В отличие от «Московского хора» в Малом Драматическом «ленинградский хор» на Литейном не полифоничен, в нем нет вторых или третьих планов, нет разных тональностей. Холодно, холодно, холодно. (Пусто и страшно станет в финале, когда рухнет стена и в черную глубину пространства уйдет героиня с пением «О соле мио»: «О, не теряйте вы годы златые…».

 

Там, где у Володина — открытая многозначность, у Галибина — вся безнадежность определенности, диагноз времени вполне внятный, хотя вряд ли новый.) И лишь иногда, в эпизодах главных героев (их роли исполняют Мария Овсянникова и Сергей Мосьпан) проступают контуры собственной лирической темы режиссера.

 

Пара эта здесь — одна из многих, а Митя и Катя (володинские, бунинские) — кажется, и не их имена.

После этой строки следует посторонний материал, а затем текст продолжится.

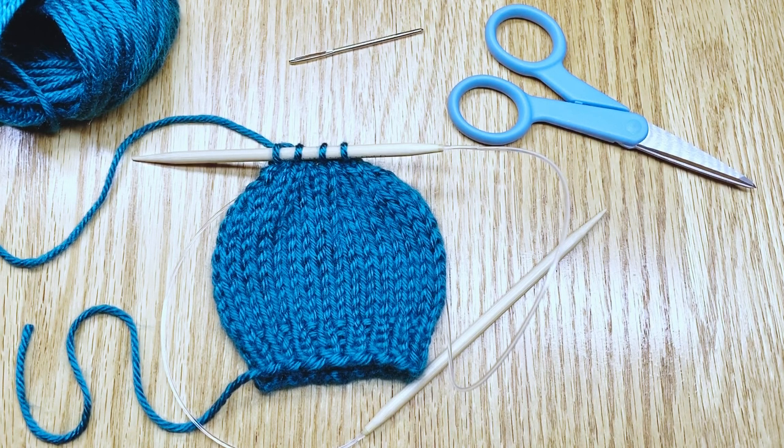Hello! I have just finished making a little tiny hat and I thought it would be a good time to show you how to take a hat off the needles and then how to weave in the loose ends.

Они у Галибина скорее несостоявшиеся Трубадур и Принцесса, не узнавшие ни любви, ни свободы — две потерянные во времени судьбы (нотки потерянности задевают у обоих актеров).

 

Угадываю, впрочем, только контуры темы — если чего-то не хватает Александру Галибину (ремесло у него в руках), так это бесстрашия своей интонации, голоса. Какое было когда-то в его «Ла фюнф ин дер люфт» 92-го года.

 

А настоящая володинская интонация все же однажды возникает в спектакле — у актрисы Инны Слободской, приглашенной из театра имени Комиссаржевской на маленькую роль Женщины. Эту роль она играла когда-то и на сцене театра имени Ленинского комсомола в легендарном спектакле Геннадия Опоркова начала 70-х, о ней писали тогда: «фея сирени», — настолько волшебными казались в ее героине располагающая к себе деликатность и проницательное знание человеческой судьбы.

 

Она приходила к Мите и Кате по объявлению об обмене и рассказывала им притчу о перегородке: вот так бывает, в молодости поставила перегородку в комнате, чтобы отделиться от сестры, а теперь не знает, как эту перегородку убрать.

 

Сегодня в спектакль театра на Литейном входит с этой историей не фея сирени — обыкновенная ленинградская старушка, из ровесниц прошлого века, какие еще совсем недавно были, казалось, неотделимы от самого городского пространства, его ауры, а теперь их уже и не встретишь на улицах и во дворах.

 

Ее пальтишко, вязаная шапочка, сумочка, никогда не бывшие в моде (просто вещи старого человека, живущего на скромную пенсию), за давностью ношения аккуратно «приладились» по фигуре и слились с обликом своей хозяйки. И с образом времени.

 

Актриса не делает здесь как будто бы ничего особенного и для себя нового — всего лишь зарисовку с натуры. Но это и есть та самая «уходящая натура» ушедшего уже столетия, которая самим своим существованием хотя бы отчасти оправдывала и смягчала все его, столетия, катаклизмы.

 

И та же доверительность и деликатность, с какой и на этот раз героиня Инны Слободской рассказывает незнакомым людям историю своей жизни, отогревает на время холодное пространство спектакля. Подтверждая, что все последние истины — о времени в том числе — говорятся на языке милосердия.